The Federal Bureau of Investigation (FBI) warns that cybercriminals and online blackmailers are targeting plastic surgeons to harvest electronically protected health information (ePHI) on their patients. Personal ePHI includes sensitive information and photographs, enabling the cybercriminals to extort money from the patients themselves as well as from plastic surgery practices, something that could prove lucrative to blackmailers targeting wealthy celebrities who are in the public eye.
According to the FBI: “Cybercriminals are using technology to disguise their phone numbers and email addresses (“spoof”), cybercriminals use phishing to deploy malware to plastic surgery offices.”
A phishing attack is aimed at conning the recipient of an email appearing to come from a trusted source to open an innocent-looking link or document which then surreptitiously delivers its payload in the form of malware designed to harvest ePHI. Cybercriminals’ adoption of AI services such as Chat GPT and its Darknet counterpart FraudGPT have made this type of attack far more effective and far easier to execute. AI is able to trawl through endless websites and social networks to build a detailed profile of a target employee and their contacts in a tiny fraction of the time it would a team of humans. This can be then used by AI to craft a convincing-sounding message appearing to come from a close friend, a relative, or a trusted colleague. All the unsuspecting target need do is click on an important or amusing-looking link and the cybercriminals are able to harvest all the data they want.
The FBI also reports that the cybercriminals are using a technique recently adopted by ransomware gangs that involves exposing sensitive data even before the victim has had a chance to pay up.
“To exert pressure on victims for extortion payments, cybercriminals share the sensitive ePHI to victims’ friends, family, or colleagues, and create public-facing websites with the data. Cybercriminals tell victims they will remove and stop sharing their ePHI only if an extortion payment is made,” says the FBI.

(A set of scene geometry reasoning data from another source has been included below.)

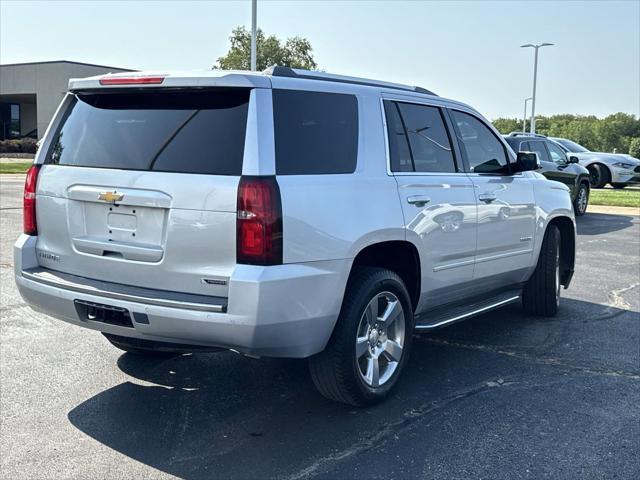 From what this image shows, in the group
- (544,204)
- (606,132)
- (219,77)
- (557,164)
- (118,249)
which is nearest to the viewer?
(219,77)

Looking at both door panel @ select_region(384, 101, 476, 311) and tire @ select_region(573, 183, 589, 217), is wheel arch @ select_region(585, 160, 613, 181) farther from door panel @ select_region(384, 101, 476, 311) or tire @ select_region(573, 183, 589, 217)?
door panel @ select_region(384, 101, 476, 311)

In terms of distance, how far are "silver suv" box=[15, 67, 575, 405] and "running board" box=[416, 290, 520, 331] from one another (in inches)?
2.2

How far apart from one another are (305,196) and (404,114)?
140 cm

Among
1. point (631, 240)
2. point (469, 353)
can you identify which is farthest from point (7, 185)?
point (469, 353)

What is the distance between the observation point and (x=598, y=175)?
76.8 feet

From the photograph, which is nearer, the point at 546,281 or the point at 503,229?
the point at 503,229

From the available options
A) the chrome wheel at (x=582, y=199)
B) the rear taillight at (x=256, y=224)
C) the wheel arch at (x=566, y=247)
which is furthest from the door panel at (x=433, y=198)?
the chrome wheel at (x=582, y=199)

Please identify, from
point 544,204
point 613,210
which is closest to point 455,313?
point 544,204

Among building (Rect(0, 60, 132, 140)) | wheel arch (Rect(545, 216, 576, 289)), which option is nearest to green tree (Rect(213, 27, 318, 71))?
building (Rect(0, 60, 132, 140))

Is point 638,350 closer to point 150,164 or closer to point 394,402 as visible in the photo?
point 394,402

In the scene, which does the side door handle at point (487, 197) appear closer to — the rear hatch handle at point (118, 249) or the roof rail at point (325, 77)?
the roof rail at point (325, 77)

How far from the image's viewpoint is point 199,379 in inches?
191

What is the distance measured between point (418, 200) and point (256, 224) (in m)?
1.47

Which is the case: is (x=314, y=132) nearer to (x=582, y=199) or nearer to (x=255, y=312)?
(x=255, y=312) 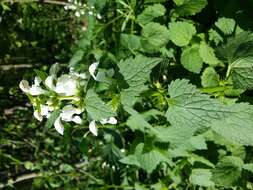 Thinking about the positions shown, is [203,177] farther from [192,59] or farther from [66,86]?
[66,86]

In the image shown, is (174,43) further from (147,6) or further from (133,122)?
(133,122)

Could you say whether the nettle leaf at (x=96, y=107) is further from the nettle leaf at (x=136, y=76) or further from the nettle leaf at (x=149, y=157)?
the nettle leaf at (x=149, y=157)

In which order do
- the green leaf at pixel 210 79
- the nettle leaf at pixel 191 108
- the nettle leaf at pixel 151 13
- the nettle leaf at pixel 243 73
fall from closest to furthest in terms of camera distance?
1. the nettle leaf at pixel 191 108
2. the nettle leaf at pixel 243 73
3. the green leaf at pixel 210 79
4. the nettle leaf at pixel 151 13

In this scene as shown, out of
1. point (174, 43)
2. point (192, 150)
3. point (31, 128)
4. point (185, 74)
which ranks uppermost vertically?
point (174, 43)

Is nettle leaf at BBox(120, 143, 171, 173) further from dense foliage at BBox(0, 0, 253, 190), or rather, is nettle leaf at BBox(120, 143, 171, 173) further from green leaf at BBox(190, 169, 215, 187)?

The healthcare sector faces a new cyber threat
The FBI’s warning to plastic surgeons comes at a time when the health sector is coming under attack on a number of fronts. The US Health Sector Cybersecurity Coordinator Center has recently also issued a stark warning note about a new threat, NoEscape ransomware. The ransomware group emerged in May 2023 and is believed to be a rebrand of Avaddon, a now-defunct ransomware group. But the unknown developers of NoEscape ransomware claim not to have simply tweaked and repackaged existing ransomware, but to have designed a whole new threat.
“The unknown developers of this ransomware claim that in lieu of using source code or leaks from other established ransomware families, they have constructed their malware and its associated infrastructure entirely from scratch,” says the note.
“Using unique features and aggressive multi-extortion tactics, in just under a year, it has targeted multiple industries, including the Healthcare and Public Health (HPH) sector. Their recent activities highlight the prominence and influence they have as a Ransomware-as-a-Service (RaaS) group,” adds Health Sector Cybersecurity Coordinator Center.
As ransomware gangs generally employ phishing techniques to send bogus emails, potential victims are urged that in addition to tightening standard security practices, they urgently review profile settings in their social media accounts. The FBI also recommends considering placing a fraud alert or security freeze on your credit reports to prevent unauthorized access.